Ce matin, après quelques kilomètres de route, un ciel bleu immaculé et, enfin, la chaîne de l’Himalaya encore enneigée dans ses parties les plus hautes. Des constructions roses, vert pâle, ocre jaune pâle, des rehauts ocre rouge intense et bleus. Le temple et ses petites constructions très colorées, comme des jeux de construction pour enfants, du bleu, du jaune et du rouge, sans oublier les perroquets verts. Au-dessus de l’entrée du temple, la syllabe Om (ou aum), ॐ, une syllabe utilisée dans diverses religions telles que l’hindouisme, le bouddhisme, le jaïnisme, le sikhisme et le brahmanisme.

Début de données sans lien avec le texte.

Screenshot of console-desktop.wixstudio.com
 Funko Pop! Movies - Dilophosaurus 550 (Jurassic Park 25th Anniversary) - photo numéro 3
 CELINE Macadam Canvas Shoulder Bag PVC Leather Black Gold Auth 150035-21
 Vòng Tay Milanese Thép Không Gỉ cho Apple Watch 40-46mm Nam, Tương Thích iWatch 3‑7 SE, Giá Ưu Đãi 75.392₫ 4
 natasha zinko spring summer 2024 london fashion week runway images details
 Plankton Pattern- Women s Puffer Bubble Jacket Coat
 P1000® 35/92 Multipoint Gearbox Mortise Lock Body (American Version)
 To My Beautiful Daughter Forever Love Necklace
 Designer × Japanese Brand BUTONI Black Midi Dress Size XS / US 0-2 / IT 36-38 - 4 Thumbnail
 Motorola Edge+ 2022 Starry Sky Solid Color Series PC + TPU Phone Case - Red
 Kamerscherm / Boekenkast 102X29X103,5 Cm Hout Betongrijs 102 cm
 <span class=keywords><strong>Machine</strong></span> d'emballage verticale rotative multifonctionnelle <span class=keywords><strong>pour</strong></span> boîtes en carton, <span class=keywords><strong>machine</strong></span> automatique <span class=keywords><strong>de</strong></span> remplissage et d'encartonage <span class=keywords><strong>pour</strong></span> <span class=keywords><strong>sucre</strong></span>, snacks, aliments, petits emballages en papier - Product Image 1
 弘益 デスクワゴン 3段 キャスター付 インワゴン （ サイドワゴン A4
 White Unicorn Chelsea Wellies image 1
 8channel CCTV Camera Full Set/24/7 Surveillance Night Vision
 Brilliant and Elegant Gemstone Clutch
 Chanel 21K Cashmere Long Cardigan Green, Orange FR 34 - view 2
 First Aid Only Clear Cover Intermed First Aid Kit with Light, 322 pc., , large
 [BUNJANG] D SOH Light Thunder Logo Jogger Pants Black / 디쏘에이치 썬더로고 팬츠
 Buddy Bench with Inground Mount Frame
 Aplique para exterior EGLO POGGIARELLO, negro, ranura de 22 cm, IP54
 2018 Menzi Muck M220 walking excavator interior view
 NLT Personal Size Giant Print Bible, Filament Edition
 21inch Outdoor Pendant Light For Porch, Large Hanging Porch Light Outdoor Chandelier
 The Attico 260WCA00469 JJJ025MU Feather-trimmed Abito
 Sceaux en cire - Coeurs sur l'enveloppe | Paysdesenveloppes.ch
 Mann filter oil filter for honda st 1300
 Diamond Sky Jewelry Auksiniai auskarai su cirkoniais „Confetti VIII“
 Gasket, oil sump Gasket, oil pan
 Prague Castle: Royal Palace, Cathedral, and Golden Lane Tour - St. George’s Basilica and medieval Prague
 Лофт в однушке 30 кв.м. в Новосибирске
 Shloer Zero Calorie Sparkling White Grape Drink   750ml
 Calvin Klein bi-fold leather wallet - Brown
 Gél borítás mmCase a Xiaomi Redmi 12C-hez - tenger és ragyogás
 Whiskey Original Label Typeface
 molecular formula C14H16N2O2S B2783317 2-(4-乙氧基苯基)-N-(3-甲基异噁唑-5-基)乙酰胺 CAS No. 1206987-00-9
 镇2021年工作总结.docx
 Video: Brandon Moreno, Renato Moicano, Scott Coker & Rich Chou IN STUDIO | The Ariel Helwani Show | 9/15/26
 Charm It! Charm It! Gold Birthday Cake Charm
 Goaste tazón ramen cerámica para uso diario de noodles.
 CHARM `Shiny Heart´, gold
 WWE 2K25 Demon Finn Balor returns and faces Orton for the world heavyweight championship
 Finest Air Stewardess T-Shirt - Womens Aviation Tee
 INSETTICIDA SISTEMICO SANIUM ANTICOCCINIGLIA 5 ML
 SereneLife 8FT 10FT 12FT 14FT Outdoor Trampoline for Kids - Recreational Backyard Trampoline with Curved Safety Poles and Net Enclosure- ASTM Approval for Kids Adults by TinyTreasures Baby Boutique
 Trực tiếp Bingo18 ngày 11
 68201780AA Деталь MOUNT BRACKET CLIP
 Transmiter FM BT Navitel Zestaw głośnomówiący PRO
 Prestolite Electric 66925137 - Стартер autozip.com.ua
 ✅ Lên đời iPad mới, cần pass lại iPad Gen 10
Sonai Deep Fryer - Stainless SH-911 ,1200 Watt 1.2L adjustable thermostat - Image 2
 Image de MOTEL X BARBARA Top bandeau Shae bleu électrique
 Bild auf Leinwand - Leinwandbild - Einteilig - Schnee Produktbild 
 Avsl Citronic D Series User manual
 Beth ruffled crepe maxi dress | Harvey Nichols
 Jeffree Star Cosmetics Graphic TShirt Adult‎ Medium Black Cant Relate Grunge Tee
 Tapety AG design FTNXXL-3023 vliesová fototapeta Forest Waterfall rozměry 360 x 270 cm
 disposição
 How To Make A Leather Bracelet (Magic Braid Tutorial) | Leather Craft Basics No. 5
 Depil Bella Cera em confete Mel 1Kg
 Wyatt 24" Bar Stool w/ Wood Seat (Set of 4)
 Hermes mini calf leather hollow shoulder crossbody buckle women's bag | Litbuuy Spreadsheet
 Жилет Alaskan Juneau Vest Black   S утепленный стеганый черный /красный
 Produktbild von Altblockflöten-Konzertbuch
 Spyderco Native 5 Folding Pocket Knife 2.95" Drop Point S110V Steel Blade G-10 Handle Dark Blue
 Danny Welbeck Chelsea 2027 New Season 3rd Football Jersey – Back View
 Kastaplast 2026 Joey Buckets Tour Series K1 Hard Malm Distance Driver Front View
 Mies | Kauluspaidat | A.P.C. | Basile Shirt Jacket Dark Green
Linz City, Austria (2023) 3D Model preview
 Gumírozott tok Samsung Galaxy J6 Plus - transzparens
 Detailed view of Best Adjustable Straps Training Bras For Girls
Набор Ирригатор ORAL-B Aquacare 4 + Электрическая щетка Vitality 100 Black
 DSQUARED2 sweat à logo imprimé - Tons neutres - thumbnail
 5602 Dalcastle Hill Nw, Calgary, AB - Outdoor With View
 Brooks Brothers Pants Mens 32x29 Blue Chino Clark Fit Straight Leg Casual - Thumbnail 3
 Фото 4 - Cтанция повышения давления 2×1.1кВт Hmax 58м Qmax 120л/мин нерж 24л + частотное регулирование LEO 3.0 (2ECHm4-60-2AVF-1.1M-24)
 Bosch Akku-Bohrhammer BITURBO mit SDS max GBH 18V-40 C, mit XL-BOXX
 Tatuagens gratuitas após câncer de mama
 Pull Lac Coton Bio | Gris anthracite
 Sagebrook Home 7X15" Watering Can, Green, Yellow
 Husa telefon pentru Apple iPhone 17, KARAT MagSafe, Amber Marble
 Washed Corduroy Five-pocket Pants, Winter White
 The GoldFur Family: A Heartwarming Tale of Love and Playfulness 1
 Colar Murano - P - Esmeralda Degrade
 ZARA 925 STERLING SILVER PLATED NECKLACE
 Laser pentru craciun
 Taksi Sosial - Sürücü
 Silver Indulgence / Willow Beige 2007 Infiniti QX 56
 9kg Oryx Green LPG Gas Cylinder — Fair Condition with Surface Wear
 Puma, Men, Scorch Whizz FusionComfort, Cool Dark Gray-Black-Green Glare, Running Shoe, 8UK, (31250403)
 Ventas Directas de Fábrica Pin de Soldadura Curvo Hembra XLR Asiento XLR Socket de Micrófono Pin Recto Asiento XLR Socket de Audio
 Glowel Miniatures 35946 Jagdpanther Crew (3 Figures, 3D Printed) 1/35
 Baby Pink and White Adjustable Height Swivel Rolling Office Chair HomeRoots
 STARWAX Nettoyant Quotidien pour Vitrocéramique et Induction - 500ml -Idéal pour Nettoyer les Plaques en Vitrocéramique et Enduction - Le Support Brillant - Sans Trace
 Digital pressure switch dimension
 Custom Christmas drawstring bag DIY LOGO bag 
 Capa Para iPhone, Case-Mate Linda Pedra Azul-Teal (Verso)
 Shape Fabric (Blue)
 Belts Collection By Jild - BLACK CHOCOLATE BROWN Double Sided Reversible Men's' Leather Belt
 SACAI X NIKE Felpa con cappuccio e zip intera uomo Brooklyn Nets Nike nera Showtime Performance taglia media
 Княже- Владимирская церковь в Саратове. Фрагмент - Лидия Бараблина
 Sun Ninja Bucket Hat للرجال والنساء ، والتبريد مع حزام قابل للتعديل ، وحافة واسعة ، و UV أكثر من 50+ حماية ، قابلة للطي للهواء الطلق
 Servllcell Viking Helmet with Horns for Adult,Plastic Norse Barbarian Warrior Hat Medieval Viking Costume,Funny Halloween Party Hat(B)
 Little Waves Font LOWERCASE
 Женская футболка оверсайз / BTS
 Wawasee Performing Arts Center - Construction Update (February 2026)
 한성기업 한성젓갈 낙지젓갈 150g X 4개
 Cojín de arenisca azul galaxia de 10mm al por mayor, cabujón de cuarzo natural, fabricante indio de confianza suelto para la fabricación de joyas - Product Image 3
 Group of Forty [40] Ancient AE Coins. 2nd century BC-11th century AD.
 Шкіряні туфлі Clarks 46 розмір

Elle est également désignée comme « mantra primordial » ou « vibration vitale ». Dans l’hindouisme, cette syllabe est considérée comme le son ayant accompagné la création de l’univers. La syllabe placée au-dessus de l’entrée de ce temple, ॐ donc, est métallique, dorée, étincelante. Je me soumets une fois encore au rituel et une fois encore j’ai une pensée pour Israël. On m’objectera que je suis chez les polythéistes, mais qu’importe ! Pourquoi ne pas porter une prière à Israël, des vœux à Israël dans l’Himalaya ? J’ai donc soufflé un vœu dans l’oreille d’une représentation de vache placée devant l’autel, comme les autres pèlerins. Les arcs polylobés. Étrange religion dont j’apprécie les couleurs et les parfums ainsi que l’iconographie aussi folle que la catholique. Mes sens sont sollicités et je m’y laisse aller, sinon à quoi bon voyager ? Mes sens sont sollicités mais une part de moi reste en retrait. Et c’est bien ainsi.

Travaillerai-je à une « Tentative d’épuisement d’un lieu indien » ? Pourquoi pas ? Cet exercice devrait se faire dans une sorte d’élan car il (se) passe tant de choses en Inde, dans une rue indienne, sur la route indienne, beaucoup plus de choses que chez nous.

Par les vitres de l’autocar, des villages étagés à flanc de montagne. Des façades vert pistache, rose tendre, bleu ciel, mauve intense. La religion et l’argent : on joint les mains en signe de bénédiction, mais on ne tarde pas à frotter son pouce et son index l’un contre l’autre, money-money.